* _SUPPLIED ENTRIES_:
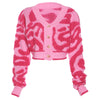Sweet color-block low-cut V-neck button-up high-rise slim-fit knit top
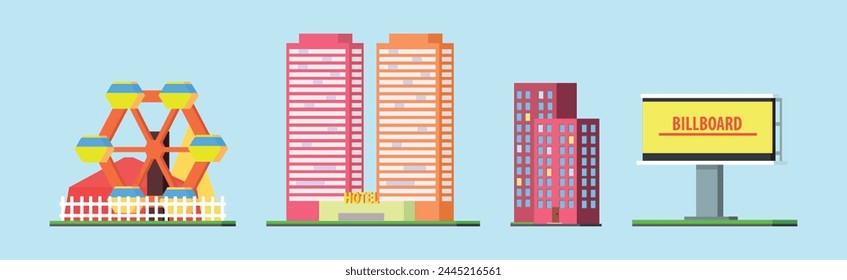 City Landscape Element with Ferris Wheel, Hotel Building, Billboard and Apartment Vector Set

--

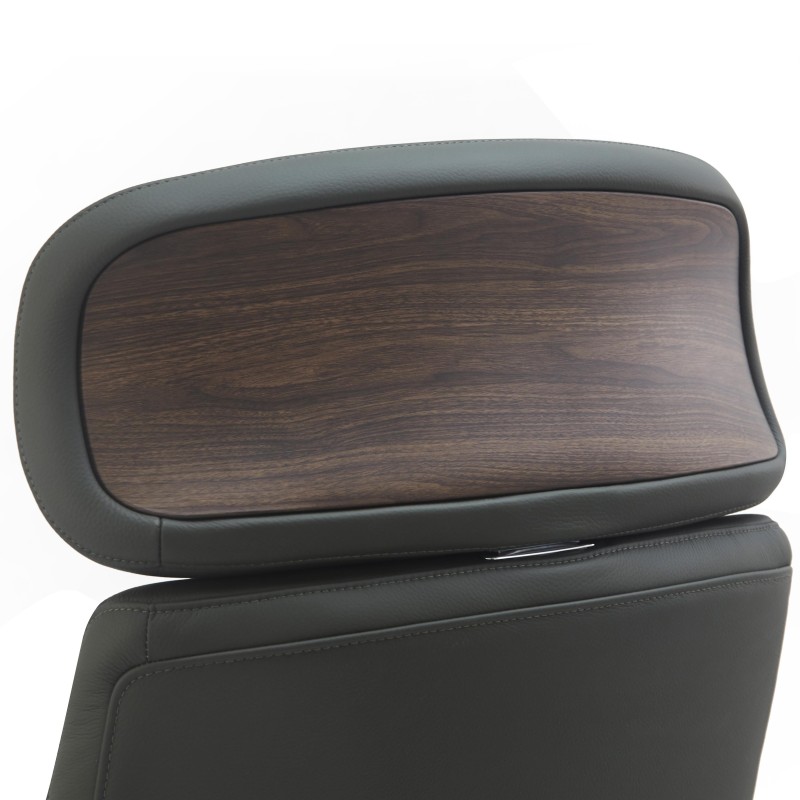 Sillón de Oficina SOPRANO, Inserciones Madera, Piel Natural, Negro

==

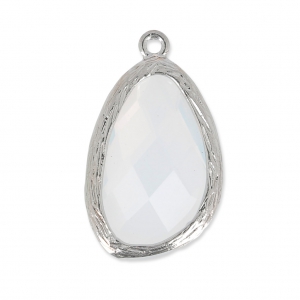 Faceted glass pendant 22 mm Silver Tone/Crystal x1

* _WORK TASK_:
Go back to the listing above and reproduce, exactly, the stretch from the line bearing "Sweet color-block low-cut" through the line bearing "City Landscape Element", without its pictures.

* _ANSWER FOR THIS EXERCISE_:
Sweet color-block low-cut V-neck button-up high-rise slim-fit knit top
 City Landscape Element with Ferris Wheel, Hotel Building, Billboard and Apartment Vector Set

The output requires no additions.